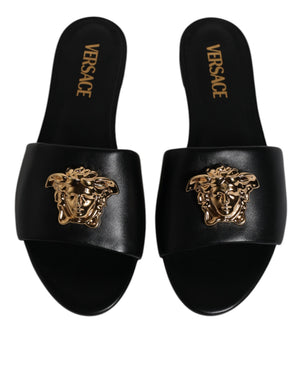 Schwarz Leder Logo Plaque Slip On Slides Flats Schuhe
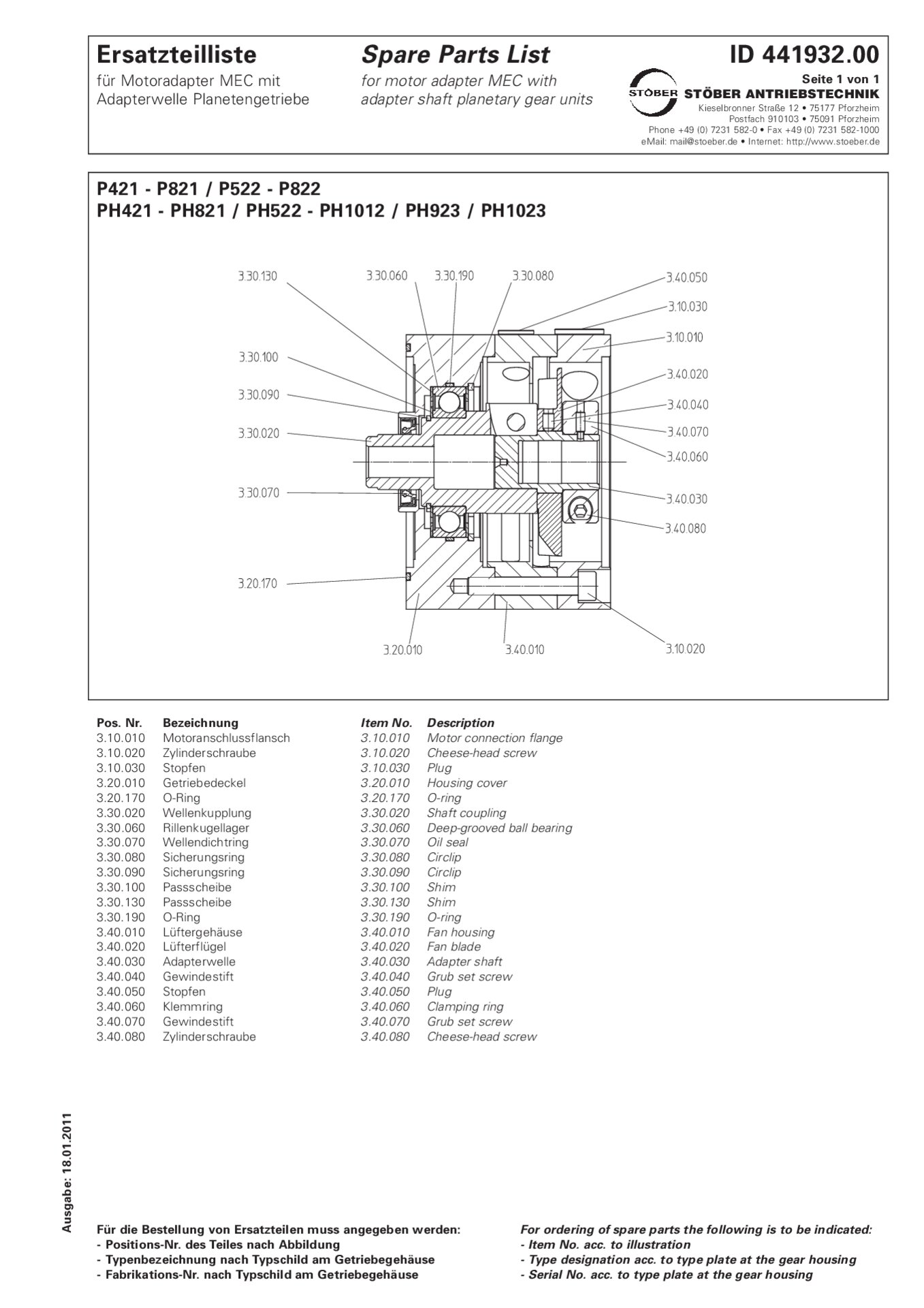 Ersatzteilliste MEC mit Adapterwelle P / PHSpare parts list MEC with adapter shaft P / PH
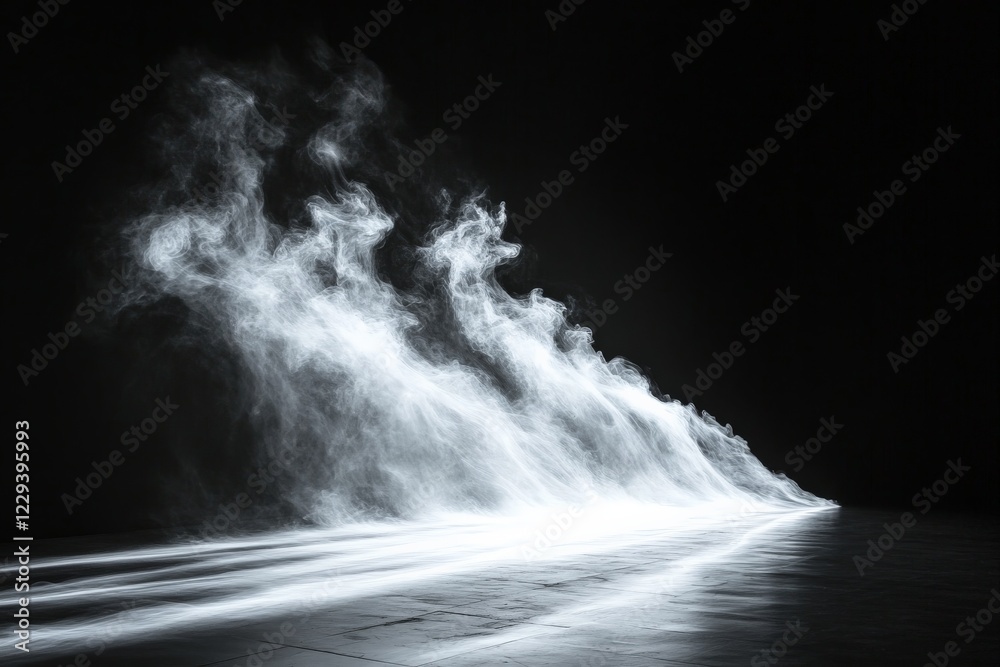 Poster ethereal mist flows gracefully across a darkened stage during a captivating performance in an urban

☆ ☆ ☆ ☆

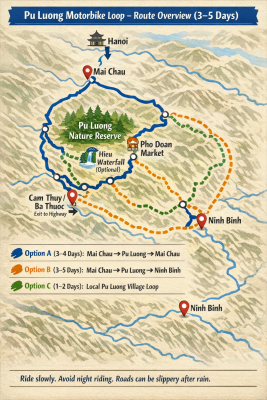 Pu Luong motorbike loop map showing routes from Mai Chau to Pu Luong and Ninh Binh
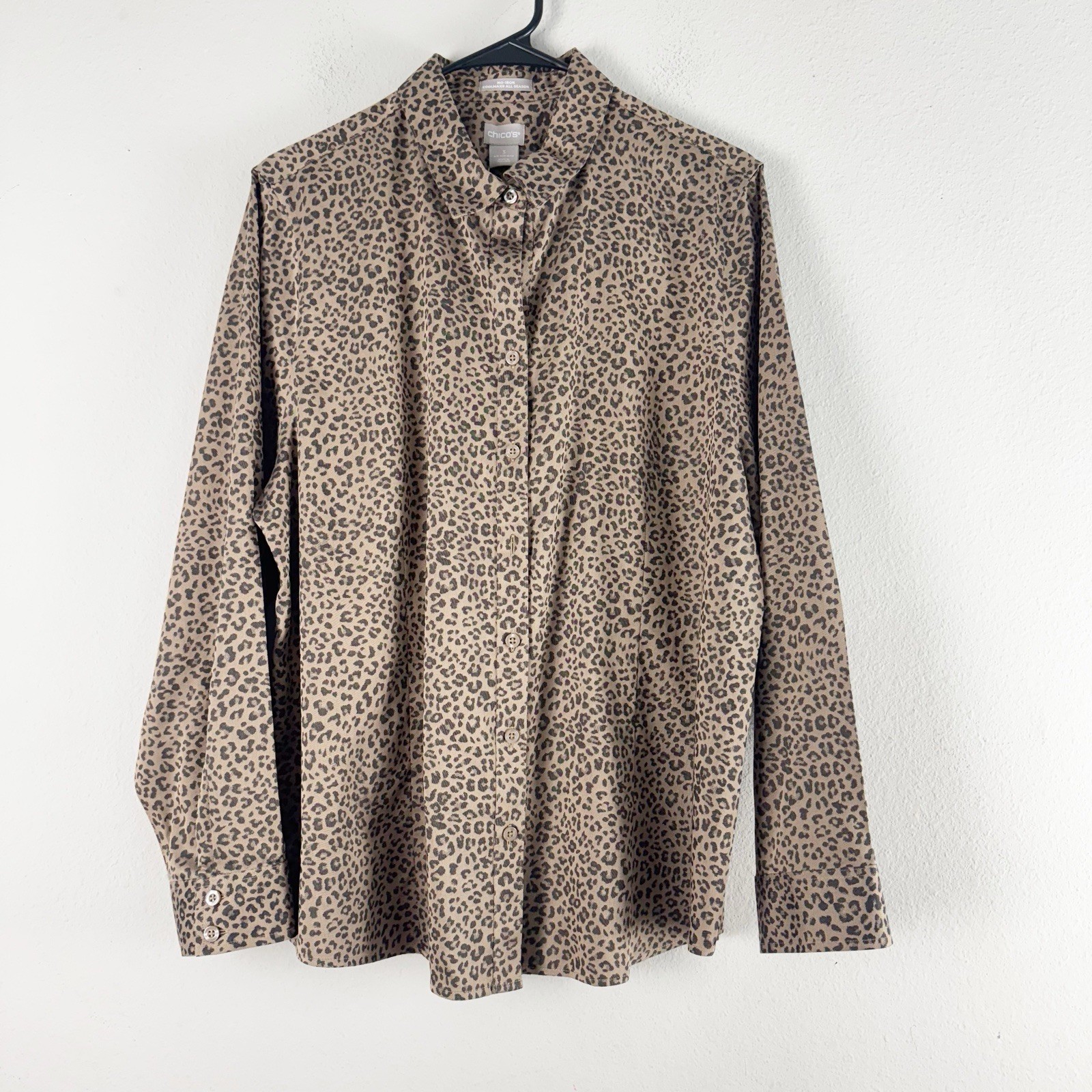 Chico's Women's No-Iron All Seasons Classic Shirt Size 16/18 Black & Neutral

☆ ☆ ☆ ☆

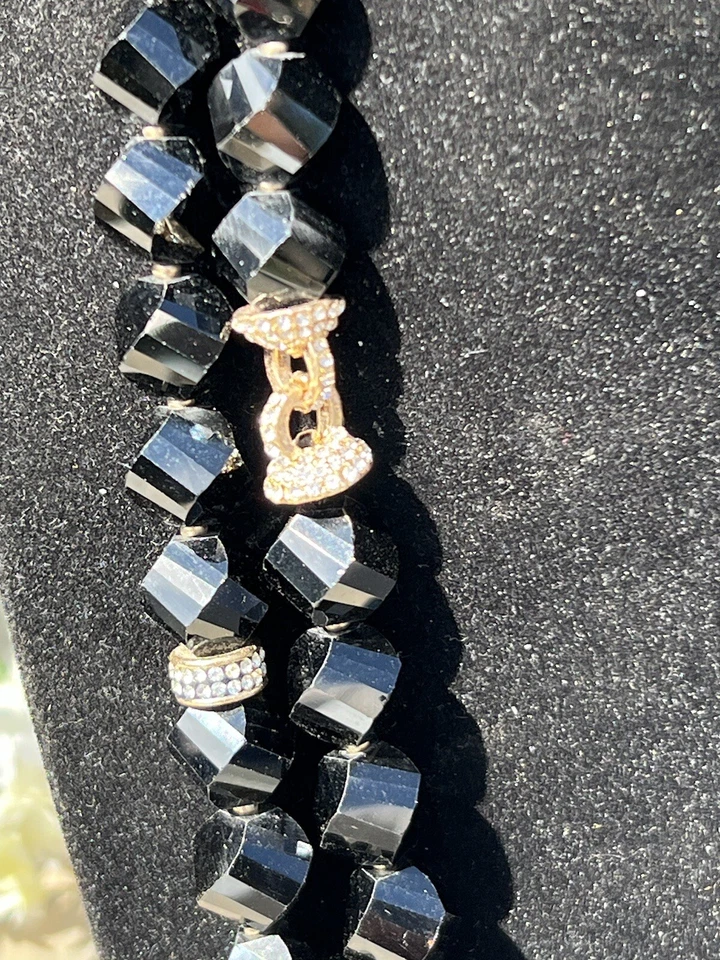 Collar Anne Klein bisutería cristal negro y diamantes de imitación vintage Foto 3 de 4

☆ ☆ ☆ ☆

> WORK ORDER
The expected output is the lines above from the one containing "Pu Luong motorbike" to the one containing "Chico's Women's No-Iron", both ends included, reproduced exactly with every picture left out.

> EXERCISE OUTPUT
 Pu Luong motorbike loop map showing routes from Mai Chau to Pu Luong and Ninh Binh
 Chico's Women's No-Iron All Seasons Classic Shirt Size 16/18 Black & Neutral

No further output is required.